[As featured on Faces of Loss, Faces of Hope]
October 15th is National Pregnancy & Infant Loss Day.
Last October 15th, I was blissfully, naively pregnant — as one should be — taking belly photos with my husband and dreaming about finally being a family of three. After struggling with infertility for over 2 years, we were pregnant! We had seen the baby! And the heartbeat! We were over the moon.
Little did I know, by that time, our sweet baby had already slipped away. She was gone and I was none the wiser. Isn’t a mother supposed to know when her child is no longer alive? I did not. It wasn’t until a routine ultrasound on October 23rd, that my doctor would say the words that changed everything: I’m afraid I don’t have good news. And for what seemed like an eternity — I stared at the motionless screen, along with my doctor and the ultrasound technician — desperately hoping for some sign of life.
Please… something, anything… please…
But there was nothing to be seen, just a tiny shadow frozen in time. She was gone.
After the D and C, and the misoprostol, and the vicodin-induced haze, I packed all of the pregnancy tests, and the congratulatory cards, and the sympathy cards, and the photos into a small wooden box and closed the lid — an entire life in one small box. I couldn’t put the box away because I couldn’t figure out where such a box should go. Under the bed? On a shelf? Nothing seemed right. I didn’t know what to do. I was lost.

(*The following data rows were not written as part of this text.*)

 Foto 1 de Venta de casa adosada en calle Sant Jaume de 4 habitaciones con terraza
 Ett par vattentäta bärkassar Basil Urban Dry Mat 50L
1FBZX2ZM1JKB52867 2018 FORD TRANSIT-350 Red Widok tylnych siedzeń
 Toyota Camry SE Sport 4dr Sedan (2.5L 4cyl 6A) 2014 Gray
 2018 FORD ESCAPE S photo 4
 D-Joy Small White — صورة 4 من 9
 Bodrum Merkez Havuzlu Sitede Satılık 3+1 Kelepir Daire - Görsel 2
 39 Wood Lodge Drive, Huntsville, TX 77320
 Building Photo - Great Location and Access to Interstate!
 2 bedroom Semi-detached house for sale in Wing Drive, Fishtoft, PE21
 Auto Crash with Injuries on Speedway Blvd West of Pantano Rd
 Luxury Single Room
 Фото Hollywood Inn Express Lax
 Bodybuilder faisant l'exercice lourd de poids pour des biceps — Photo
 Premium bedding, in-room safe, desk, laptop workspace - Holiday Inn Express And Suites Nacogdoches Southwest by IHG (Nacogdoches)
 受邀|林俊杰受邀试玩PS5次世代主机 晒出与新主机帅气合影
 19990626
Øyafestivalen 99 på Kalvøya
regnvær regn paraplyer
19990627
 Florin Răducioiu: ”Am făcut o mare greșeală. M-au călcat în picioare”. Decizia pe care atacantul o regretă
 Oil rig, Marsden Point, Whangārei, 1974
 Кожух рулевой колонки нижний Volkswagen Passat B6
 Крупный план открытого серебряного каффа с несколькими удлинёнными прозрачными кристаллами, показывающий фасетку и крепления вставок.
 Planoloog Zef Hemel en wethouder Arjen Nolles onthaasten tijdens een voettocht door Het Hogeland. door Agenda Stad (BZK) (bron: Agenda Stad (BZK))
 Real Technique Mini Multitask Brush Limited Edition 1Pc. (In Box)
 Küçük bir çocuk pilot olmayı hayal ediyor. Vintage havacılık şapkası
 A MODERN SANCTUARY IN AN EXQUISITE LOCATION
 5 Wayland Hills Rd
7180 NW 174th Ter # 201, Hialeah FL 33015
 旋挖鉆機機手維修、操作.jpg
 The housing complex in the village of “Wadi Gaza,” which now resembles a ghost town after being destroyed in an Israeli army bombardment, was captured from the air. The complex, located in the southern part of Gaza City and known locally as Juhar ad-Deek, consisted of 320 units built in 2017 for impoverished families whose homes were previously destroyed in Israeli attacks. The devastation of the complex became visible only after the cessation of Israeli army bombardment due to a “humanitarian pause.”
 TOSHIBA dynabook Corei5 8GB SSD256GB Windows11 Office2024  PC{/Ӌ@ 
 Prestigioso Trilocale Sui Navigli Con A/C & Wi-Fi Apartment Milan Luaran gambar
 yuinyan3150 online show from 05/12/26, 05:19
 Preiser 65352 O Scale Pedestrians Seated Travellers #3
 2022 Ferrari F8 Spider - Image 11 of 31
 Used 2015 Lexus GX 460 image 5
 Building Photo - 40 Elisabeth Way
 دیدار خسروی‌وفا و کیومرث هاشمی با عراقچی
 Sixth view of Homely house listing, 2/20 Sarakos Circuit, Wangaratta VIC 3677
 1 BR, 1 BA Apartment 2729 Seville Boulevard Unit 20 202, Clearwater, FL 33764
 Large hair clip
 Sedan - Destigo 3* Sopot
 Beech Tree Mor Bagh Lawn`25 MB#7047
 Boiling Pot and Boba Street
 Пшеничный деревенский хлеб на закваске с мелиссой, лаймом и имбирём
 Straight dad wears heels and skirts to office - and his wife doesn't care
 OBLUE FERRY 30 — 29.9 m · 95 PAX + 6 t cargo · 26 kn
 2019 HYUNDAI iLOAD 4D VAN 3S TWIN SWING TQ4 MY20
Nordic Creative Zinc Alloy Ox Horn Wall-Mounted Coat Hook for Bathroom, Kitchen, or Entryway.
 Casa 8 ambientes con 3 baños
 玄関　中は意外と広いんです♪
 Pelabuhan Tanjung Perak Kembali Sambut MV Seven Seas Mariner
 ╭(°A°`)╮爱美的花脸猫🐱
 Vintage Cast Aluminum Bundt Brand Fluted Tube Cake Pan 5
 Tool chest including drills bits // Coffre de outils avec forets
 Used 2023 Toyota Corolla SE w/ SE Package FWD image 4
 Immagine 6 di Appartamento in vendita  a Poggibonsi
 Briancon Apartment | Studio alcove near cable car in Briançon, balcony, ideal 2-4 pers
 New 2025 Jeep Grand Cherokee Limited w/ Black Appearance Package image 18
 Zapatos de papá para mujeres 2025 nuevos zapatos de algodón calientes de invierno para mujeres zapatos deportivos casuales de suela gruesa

Baby loss is so very hard. No one knows what to do or to say, and truthfully, there aren’t any “right” things. There are, however, lots of “wrong” things. In my case, I wasn’t interested in hearing about adoption, or how I can, “always try again,” or how, “everything happens for a reason,” or how, “at least I know I can get pregnant,” or how a niece or a neighbor or a cousin got pregnant again right after a miscarriage. Hearing those things only made me feel damaged and broken and guilty and responsible and empty.
The only thing that helped me was space and peace and quiet.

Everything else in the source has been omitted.